Stored data entries:
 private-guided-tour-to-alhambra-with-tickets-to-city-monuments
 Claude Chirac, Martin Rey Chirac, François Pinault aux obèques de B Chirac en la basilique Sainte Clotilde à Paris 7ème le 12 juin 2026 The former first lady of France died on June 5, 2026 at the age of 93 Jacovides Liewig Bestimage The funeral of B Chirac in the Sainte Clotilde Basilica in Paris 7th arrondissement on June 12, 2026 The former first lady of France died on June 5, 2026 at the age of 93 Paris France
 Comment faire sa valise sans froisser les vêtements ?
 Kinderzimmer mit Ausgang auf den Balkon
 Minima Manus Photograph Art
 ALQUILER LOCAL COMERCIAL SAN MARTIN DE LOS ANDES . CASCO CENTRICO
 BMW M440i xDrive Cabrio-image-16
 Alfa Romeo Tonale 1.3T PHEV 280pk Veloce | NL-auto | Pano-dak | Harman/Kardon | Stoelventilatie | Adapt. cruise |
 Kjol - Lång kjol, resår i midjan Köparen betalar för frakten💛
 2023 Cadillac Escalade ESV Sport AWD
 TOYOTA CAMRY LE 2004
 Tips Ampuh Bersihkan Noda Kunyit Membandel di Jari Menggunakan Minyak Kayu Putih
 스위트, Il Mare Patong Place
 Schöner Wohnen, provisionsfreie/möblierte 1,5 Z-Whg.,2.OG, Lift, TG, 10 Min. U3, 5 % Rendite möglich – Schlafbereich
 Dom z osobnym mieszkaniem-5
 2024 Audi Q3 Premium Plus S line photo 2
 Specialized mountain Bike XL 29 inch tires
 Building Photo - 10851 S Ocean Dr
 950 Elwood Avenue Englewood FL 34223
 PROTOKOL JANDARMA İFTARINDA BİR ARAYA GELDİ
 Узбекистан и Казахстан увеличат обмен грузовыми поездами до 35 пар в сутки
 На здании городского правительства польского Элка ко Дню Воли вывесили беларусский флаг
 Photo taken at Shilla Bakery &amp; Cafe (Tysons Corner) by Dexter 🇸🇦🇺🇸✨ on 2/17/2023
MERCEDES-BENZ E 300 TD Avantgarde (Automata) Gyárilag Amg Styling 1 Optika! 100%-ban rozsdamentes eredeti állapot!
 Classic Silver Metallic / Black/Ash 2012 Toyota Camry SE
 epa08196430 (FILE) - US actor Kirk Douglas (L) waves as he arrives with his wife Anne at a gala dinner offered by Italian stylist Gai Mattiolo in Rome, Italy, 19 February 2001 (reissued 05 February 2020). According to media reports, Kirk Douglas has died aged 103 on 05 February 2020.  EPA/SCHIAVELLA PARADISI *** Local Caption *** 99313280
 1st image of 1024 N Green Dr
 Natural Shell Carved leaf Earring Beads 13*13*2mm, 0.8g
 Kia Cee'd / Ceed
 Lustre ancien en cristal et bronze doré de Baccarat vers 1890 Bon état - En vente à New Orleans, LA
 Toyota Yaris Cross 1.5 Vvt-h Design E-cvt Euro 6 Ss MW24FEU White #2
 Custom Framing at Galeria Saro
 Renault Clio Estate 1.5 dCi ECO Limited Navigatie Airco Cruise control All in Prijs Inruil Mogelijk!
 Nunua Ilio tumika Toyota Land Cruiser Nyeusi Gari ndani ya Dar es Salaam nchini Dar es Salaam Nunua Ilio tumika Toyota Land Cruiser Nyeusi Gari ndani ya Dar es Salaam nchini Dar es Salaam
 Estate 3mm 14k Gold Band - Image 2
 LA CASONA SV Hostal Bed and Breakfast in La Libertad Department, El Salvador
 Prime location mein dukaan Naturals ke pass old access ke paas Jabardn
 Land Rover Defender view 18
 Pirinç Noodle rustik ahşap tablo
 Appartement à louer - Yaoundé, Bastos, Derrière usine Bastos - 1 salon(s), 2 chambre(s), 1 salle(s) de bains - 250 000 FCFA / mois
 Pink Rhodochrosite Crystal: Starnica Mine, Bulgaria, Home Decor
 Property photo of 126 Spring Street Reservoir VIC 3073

Work to complete: A complete, exact copy of the entries is required.

Task answer:
 private-guided-tour-to-alhambra-with-tickets-to-city-monuments
 Claude Chirac, Martin Rey Chirac, François Pinault aux obèques de B Chirac en la basilique Sainte Clotilde à Paris 7ème le 12 juin 2026 The former first lady of France died on June 5, 2026 at the age of 93 Jacovides Liewig Bestimage The funeral of B Chirac in the Sainte Clotilde Basilica in Paris 7th arrondissement on June 12, 2026 The former first lady of France died on June 5, 2026 at the age of 93 Paris France
 Comment faire sa valise sans froisser les vêtements ?
 Kinderzimmer mit Ausgang auf den Balkon
 Minima Manus Photograph Art
 ALQUILER LOCAL COMERCIAL SAN MARTIN DE LOS ANDES . CASCO CENTRICO
 BMW M440i xDrive Cabrio-image-16
 Alfa Romeo Tonale 1.3T PHEV 280pk Veloce | NL-auto | Pano-dak | Harman/Kardon | Stoelventilatie | Adapt. cruise |
 Kjol - Lång kjol, resår i midjan Köparen betalar för frakten💛
 2023 Cadillac Escalade ESV Sport AWD
 TOYOTA CAMRY LE 2004
 Tips Ampuh Bersihkan Noda Kunyit Membandel di Jari Menggunakan Minyak Kayu Putih
 스위트, Il Mare Patong Place
 Schöner Wohnen, provisionsfreie/möblierte 1,5 Z-Whg.,2.OG, Lift, TG, 10 Min. U3, 5 % Rendite möglich – Schlafbereich
 Dom z osobnym mieszkaniem-5
 2024 Audi Q3 Premium Plus S line photo 2
 Specialized mountain Bike XL 29 inch tires
 Building Photo - 10851 S Ocean Dr
 950 Elwood Avenue Englewood FL 34223
 PROTOKOL JANDARMA İFTARINDA BİR ARAYA GELDİ
 Узбекистан и Казахстан увеличат обмен грузовыми поездами до 35 пар в сутки
 На здании городского правительства польского Элка ко Дню Воли вывесили беларусский флаг
 Photo taken at Shilla Bakery &amp; Cafe (Tysons Corner) by Dexter 🇸🇦🇺🇸✨ on 2/17/2023
MERCEDES-BENZ E 300 TD Avantgarde (Automata) Gyárilag Amg Styling 1 Optika! 100%-ban rozsdamentes eredeti állapot!
 Classic Silver Metallic / Black/Ash 2012 Toyota Camry SE
 epa08196430 (FILE) - US actor Kirk Douglas (L) waves as he arrives with his wife Anne at a gala dinner offered by Italian stylist Gai Mattiolo in Rome, Italy, 19 February 2001 (reissued 05 February 2020). According to media reports, Kirk Douglas has died aged 103 on 05 February 2020.  EPA/SCHIAVELLA PARADISI *** Local Caption *** 99313280
 1st image of 1024 N Green Dr
 Natural Shell Carved leaf Earring Beads 13*13*2mm, 0.8g
 Kia Cee'd / Ceed
 Lustre ancien en cristal et bronze doré de Baccarat vers 1890 Bon état - En vente à New Orleans, LA
 Toyota Yaris Cross 1.5 Vvt-h Design E-cvt Euro 6 Ss MW24FEU White #2
 Custom Framing at Galeria Saro
 Renault Clio Estate 1.5 dCi ECO Limited Navigatie Airco Cruise control All in Prijs Inruil Mogelijk!
 Nunua Ilio tumika Toyota Land Cruiser Nyeusi Gari ndani ya Dar es Salaam nchini Dar es Salaam Nunua Ilio tumika Toyota Land Cruiser Nyeusi Gari ndani ya Dar es Salaam nchini Dar es Salaam
 Estate 3mm 14k Gold Band - Image 2
 LA CASONA SV Hostal Bed and Breakfast in La Libertad Department, El Salvador
 Prime location mein dukaan Naturals ke pass old access ke paas Jabardn
 Land Rover Defender view 18
 Pirinç Noodle rustik ahşap tablo
 Appartement à louer - Yaoundé, Bastos, Derrière usine Bastos - 1 salon(s), 2 chambre(s), 1 salle(s) de bains - 250 000 FCFA / mois
 Pink Rhodochrosite Crystal: Starnica Mine, Bulgaria, Home Decor
 Property photo of 126 Spring Street Reservoir VIC 3073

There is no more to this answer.